Опыт созерцания дает только веру, что «неставшее, несотворенное» — есть. Творящее — есть. И, значит, можно почувствовать его, испытать его. Вера переступает через карамазовские вопросы, не отвечая, оставляя неразрешимое неразрешимым. Есть зло, есть страдание, есть смерть. Это — условие творенья. Чтобы развернуть мир ослепительной красоты, нужны пространство и время. А пространство — это безликая бездна, «тьма внешняя». А время — это смерть (индийцы не тратят двух слов. «Кала» — это омоним: время и смерть. То, же в женском роде: Кали, супруга Калы, его шакти, божественная энергия времени и смерти, дух разрушения и создания). Родиться может только то, что обречено страданию и смерти. И раз так, то нельзя избежать зла; и нельзя избежать упоения злом, свободного выбора зла ради зла. Почти каждый чувствовал росточки этого извращения в своей душе и в этот миг участвовал в неистовстве тьмы. Зло — есть. Но оно есть не на последней глубине, и, уходя в глубину, мы уходим от зла. Чем труднее пробиться через слой, где бесчинствуют призраки, — тем прекраснее прорыв, узнаванье Бога. От силы нашей веры зависит, перелетим мы через ад или проползем сквозь него, обдирая руки, ноги, сердце, или вовсе застрянем в отчаянии. Бесконечная вера парит над муками Иова. Я в это верю. Хотя мне лично не все дано.
Тот. кто каждый день узнает Бога в ветре, в весне, в осени, узнает и человека, полного духом Божиим; или такого поэта, как Эмили Дикинсон, стихотворения которой — действительно записи чуда. И иногда сможет заразить этим чудом, как евангелисты и апостолы заразили Христом.
«Все прочее — литература», толкование, пересказ. А пересказанный, перетолкованный Христос — уже не Христос, и поэт — уже не поэт, а вроде того Будды, которого Линь-цзы велел убить, — развязаться с мертвым вчерашним опытом. Потому что в толковании пропадает невысказанное. Остаются только слова, а самое главное было между строк.
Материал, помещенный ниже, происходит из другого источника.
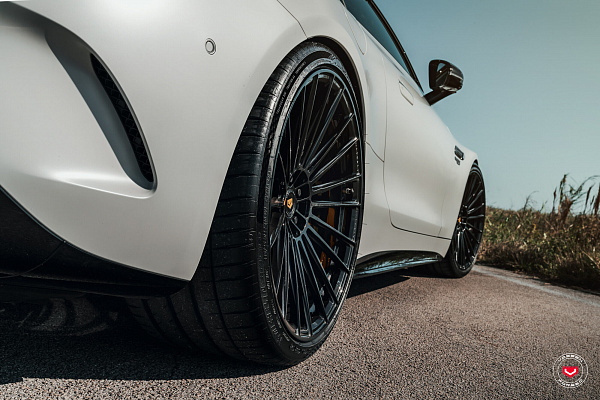 Фото дисков Vossen S17-04 Черный глянец на Mercedes-Benz SL (R232)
Как пересказать тишину? Что поразило нас с Зиной в полотнах Владимира Вейсберга, где почти ничего не нарисовано — так, белые конусы и кубики на белом фоне? Почему мы сразу прилипли к этим картинам и почти не могли смотреть на трех других художников, выставленных рядом? Чем захватила музыка эстонского композитора Пярта? Что они пережили, прежде чем писать? Про Володю Казмина я знал, что он глубоко живет, — я с ним был знаком, но его необычные картины, — что-то вроде праформ пространства и цвета, из которых Бог творит мир, — эти картины были началом знакомства; мы узнали мастера и только потом — человека.
Что значит глубоко жить, пережить чудо? Художники периода Сун были великие созерцатели. А Моне? Или Тернер? Скорее всего, созерцание было для них только частью ремесла, всматриванием в натуру, мигом трудового напряжения. То есть они, конечно, были созерцателями, но в эпоху, забывшую культуру созерцания, и понимали созерцание как часть работы живописца. Рильке, когда пишет о Сезанне, переосмысливает созерцание мастера, живописца, в религиозное созерцание. Но дело не в словах, не в осмыслении, а в том, что осмысляется. Великие стихи, музыка, картины действительно вырастают из чуда и говорят о чуде. И узнавание этого чуда — еще одно чудо. Можно приложить к искусству правило Силуана: то, что написано Святым Духом, можно перечесть только Святым Духом. Такое же чудо — настоящая встреча человека с человеком.
Как часто мне удается узнать сквозь боль, сквозь скорбь — радость? В ликовании весны — осень, и в осеннем ветре — листочки новой весны?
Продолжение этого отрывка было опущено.